Watcher est le genre de long-métrage qui sait empreindre son intrigue des questions sociales qui traversent (et déchirent) notre époque. On retrouve Maika Monroe absolument renversante dans le rôle d’une femme harcelée. Si le synopsis renvoie à des intrigues qu’on a déjà vues plus d’une fois dans le cinéma d’horreur, Watcher sait trouver sa voie dans le traitement de ces thèmes. Classique sur la forme, ce thriller cache un objet politique plus affirmé qu’une énième histoire de serial killers sanguinaires et de sauvetages policiers in extremis. C’est même tout l’inverse. Julia est seule, parfaitement seule dans ce nouveau pays où elle ne baragouine que quelques mots roumains.

En miroir, Watcher révèle la froideur d’une société trustée par des hommes qui évoluent dans une sphère hermétique (cloisonnée même) à celle des femmes. C’est autant l’image déclinée du self-made-man, au chef de brigade, qu’à la petite frappe de quartier : autant de déclinaisons du pouvoir aveugles à ceux qui l’entourent. Chacun d’entre eux est systématiquement affairé à autre chose, son mari au travail, la police ennuyée par un énième appel nocturne d’une future affaire classée sans suite et le petit truand (néanmoins le plus sympathique) ne lâchera pas son téléphone une seconde.

C’est autant l’être cher, que l’Etat et le voisin anonyme qui sont pris à défaut. On songerait presque au refrain de cette campagne publicitaire des années 90 où les carabineros cherchaient à laver leur image après la dictature de Pinochet (1973-1990) en se présentant comme « un ami sur ton chemin ». Hymne largement singé par la révolution chilienne sauvagement réprimée et devenue symbole mondial des luttes féministes. Une tradition du combat largement entretenue par l’histoire chilienne.

« Dors tranquille, innocente enfant. Sans redouter le brigand. Car sur tes doux rêves souriants. Veille le carabinier, ton amant. »

Watcher
Tous les cris des SOS partent dans les airs

Julia ne trouvera aucun réconfort auprès de ces derniers qui minimiseront systématiquement ses témoignages quand ils ne préféreront pas en rire, en roumain de surcroit. Des adresses qui résonnent pourtant comme autant d’alertes avant que l’irréparable ne soit commis. Comme un coup de poignard du réel alors que les victimes de féminicides sont en hausse et ce malgré des appels à l’aide encore trop ignorés des autorités et des proches. C’est aussi une réflexion sur le sexisme ordinaire qui confisque la parole des femmes. C’est en partie le cas du mari qui commence à croire que sa compagne affabule. Même s’il n’est pas foncièrement mauvais, c’est la structure de la société qui sépare toute prise de conscience du réel, vécu comme une réalité alternative par les victimes féminines et une fantaisie pour les hommes.

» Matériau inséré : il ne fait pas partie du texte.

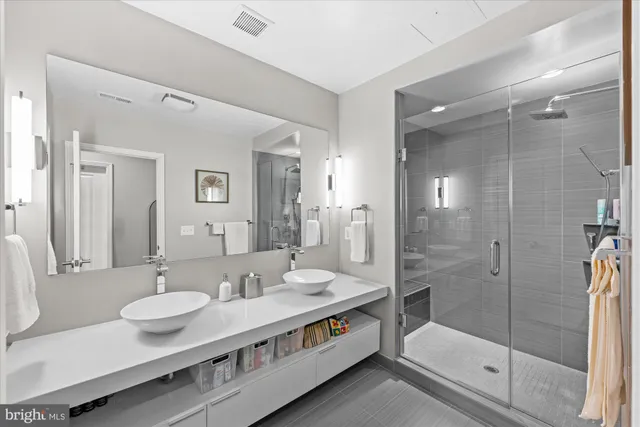 a bathroom with a double vanity sink and mirror
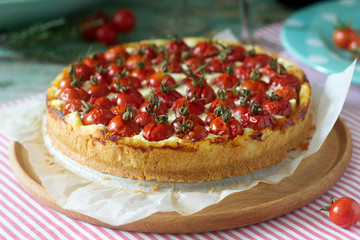 Tart, pie or cheesecake with cottage cheese and tomatoes, served with red wine on a wooden background.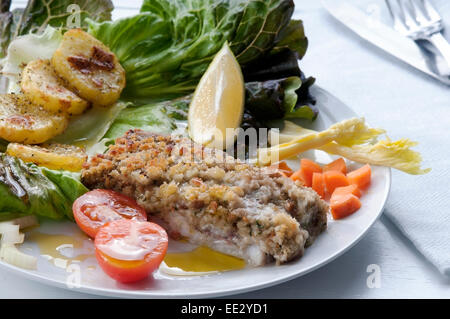 Kabeljaufilet paniert und gebacken mit Kartoffeln und Salat als Beilage Stockfoto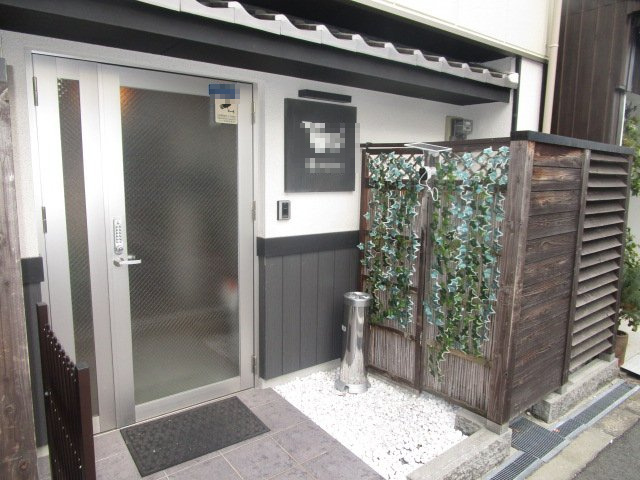 大阪市西成区玉出中１丁目の旅館の外観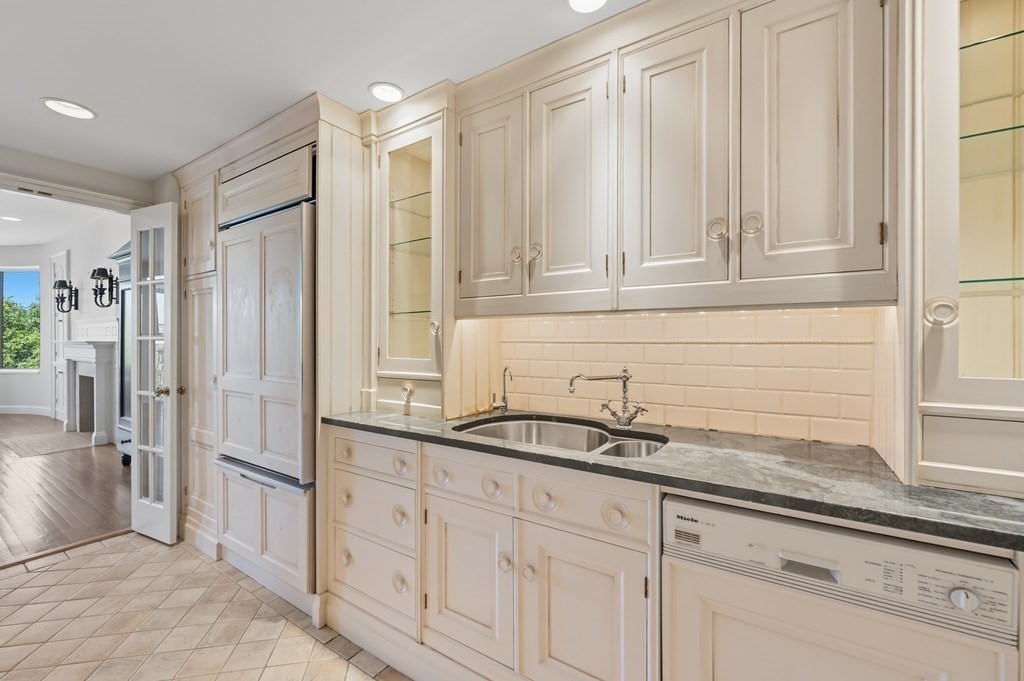 412 Beacon Street, Unit 6 Boston, MA 02115 - Photo 7 of 16 a kitchen with stainless steel appliances granite countertop white cabinets and a granite counter tops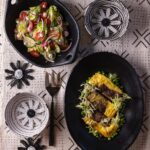 Two black dishes, one with a salad and one with a Bobotie over peas, sit on a tablecloth with flower decor around them.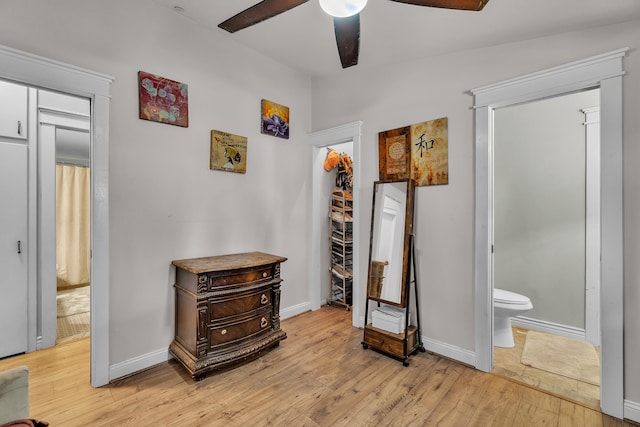 bedroom with connected bathroom, baseboards, light wood-style floors, and ceiling fan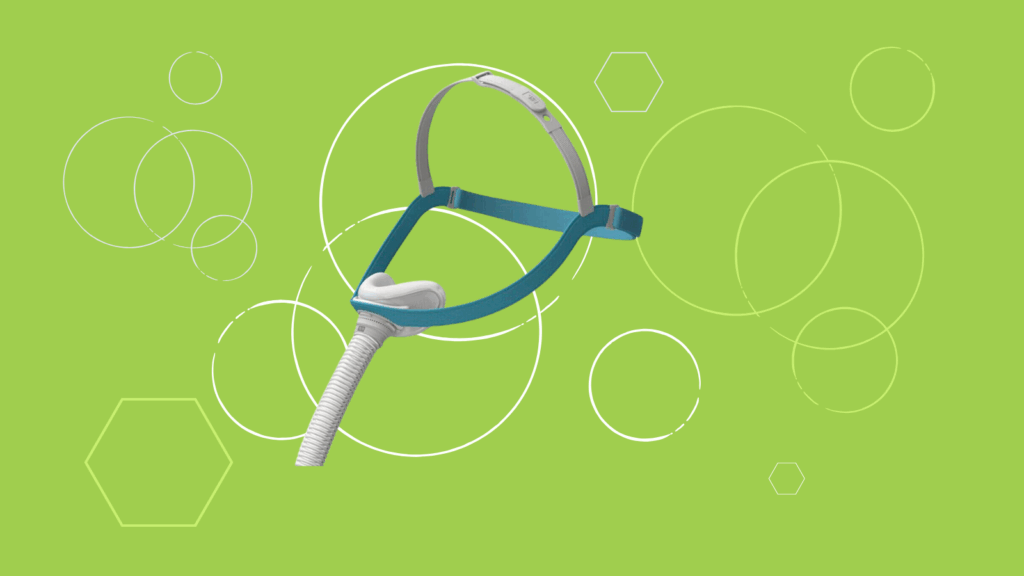 The Fisher & Paykel Evora Nasal CPAP Mask with headgear and tube is displayed on a green background with white geometric shapes. Perfect for your next CPAP Mask Review or sleep therapy setup!.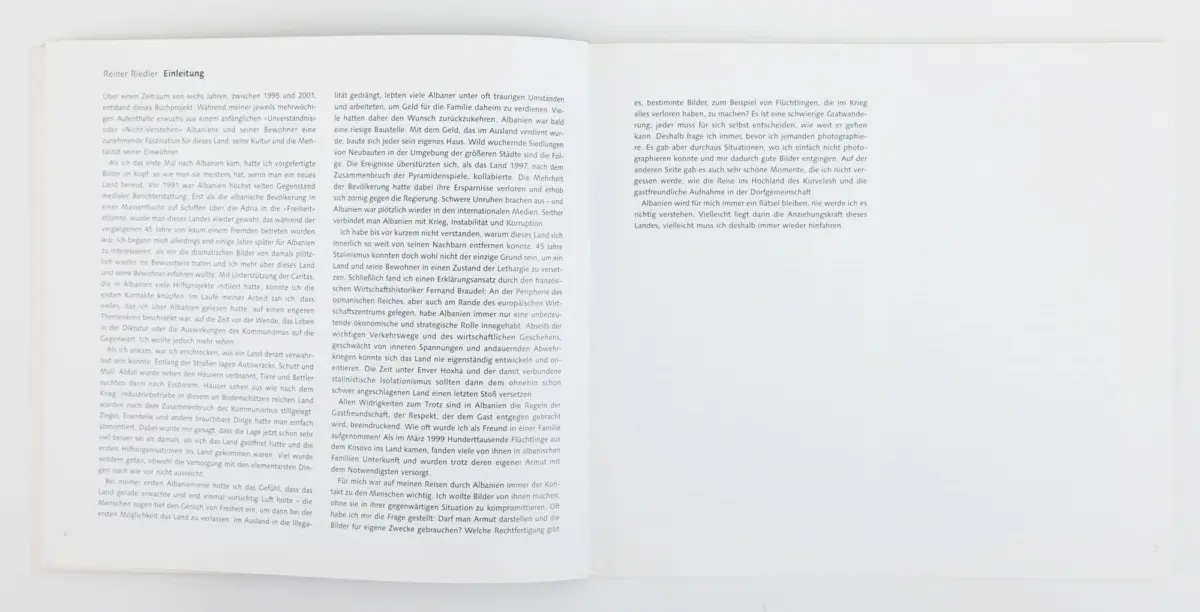 Open book laid flat on a white surface, displaying two pages of dense German text.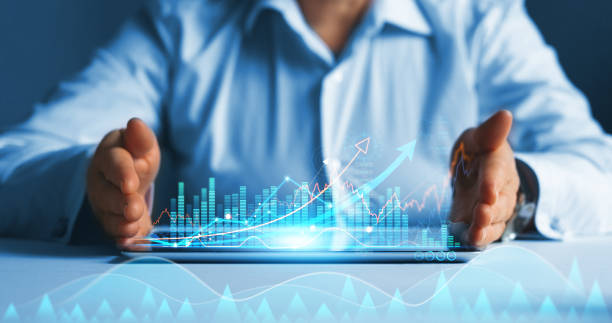 istock Businesswoman using tablet with digital statistics.Development and growth of  company and revenues.Analysing banking and investment.Business development to success,profit and growing growth plan. 1351260449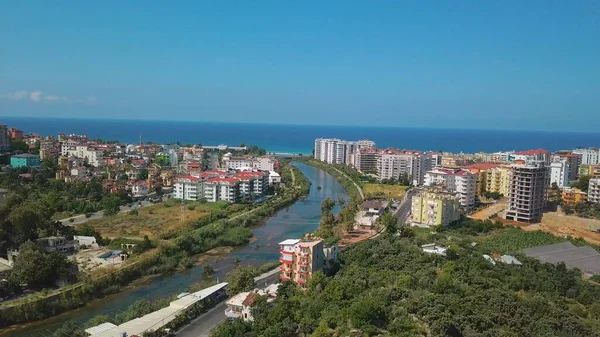 The view from the drone. Clip. View of the blue clear ocean near the resort area with a swimming pool and houses . — Stock Photo, Image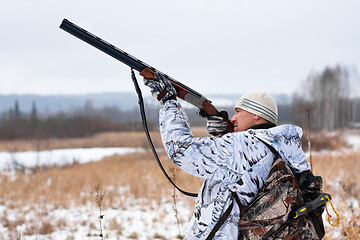 Image showing hunter shooting on the snowy field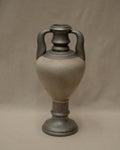 Silver and white painted terracotta vase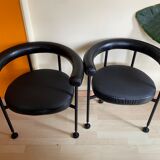 Pair of vintage leather basket armchairs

Au supermarché, à la maison, dans la rue jusqu’au métro symbolique, Julia est de plus en plus seule. Très vite, le spectateur abandonne toute espérance de trouver quelconque soutien auprès de l’entourage masculin de Julia. Masculin car il reste une lueur de solidarité féminine avec sa voisine avec qui Chloé redécouvre le sourire au cours d’un apéro spontané où les deux femmes échangent et engagent même un moyen de communication dédié en cas d’agression de l’une d’entre elles.

« Maybe he is staring at the woman who’s staring at him. »

"Un violeur sur ton chemin"

Pour autant, Chloé Okuno ne tombe jamais dans la caricature dans les relations humaines qu’elle dessine. Watcher recherche aucunement la culpabilité mais appelle au contraire à la prise de conscience collective. Les Hommes ne sont pas non plus présentés comme des tortionnaires, mais même quand ils sont susceptibles de lui venir en aide, de la police au voisinage, tout porte à croire qu’ils ne sont jamais sur le même rapport. L’image de la silhouette, c’est aussi celle de l’autre, personne et tout le monde à la fois.

Est-ce le voisin ou ce passant au regard insistant ? À moins que Julia ne s’enferme dans la paranoïa. C’est sur ce point que Watcher marque sa singularité. Plutôt que d’instiguer le doute quant à la véracité des craintes de Julia, la réalisatrice adopte constamment la perspective de la victime, si bien que le spectateur n’a heureusement pas à souffrir d’un énième twist sur la folie, dénominateur commun de la pauvreté scénaristique. Et cerise sur le gâteau bien trop déclinée jusqu’à l’usure chez des acteurs comme Di Caprio ces dernières années.

Watcher
Maika Monroe est toujours juste dans son rôle

It Follows dix ans après...

Tout l’intérêt réside dans le comportement de Julia qui va réagir et se saisir elle-même de son sort en renversant la charge de la faute qu’on prête trop souvent aux victimes avec le désormais tristement célèbre « syndrome de la jupe courte » et sa variante du « Pourquoi tu me regardes ? ». Là où Maika Monroe ne pouvait que fuir devant le boogeyman de l’excellent It Follows, l’actrice est résolument déterminée à affronter son agresseur. Près de dix ans s’est écoulé depuis le film de David Robert Mitchell où l’actrice jouait une fragile adolescente poursuivie par cette angoissante silhouette au pas si tranquille. Autre temps, autre mœurs, c’est une autre Maika Monroe qu’on découvre sous le regard féminin de Chloé Okuno.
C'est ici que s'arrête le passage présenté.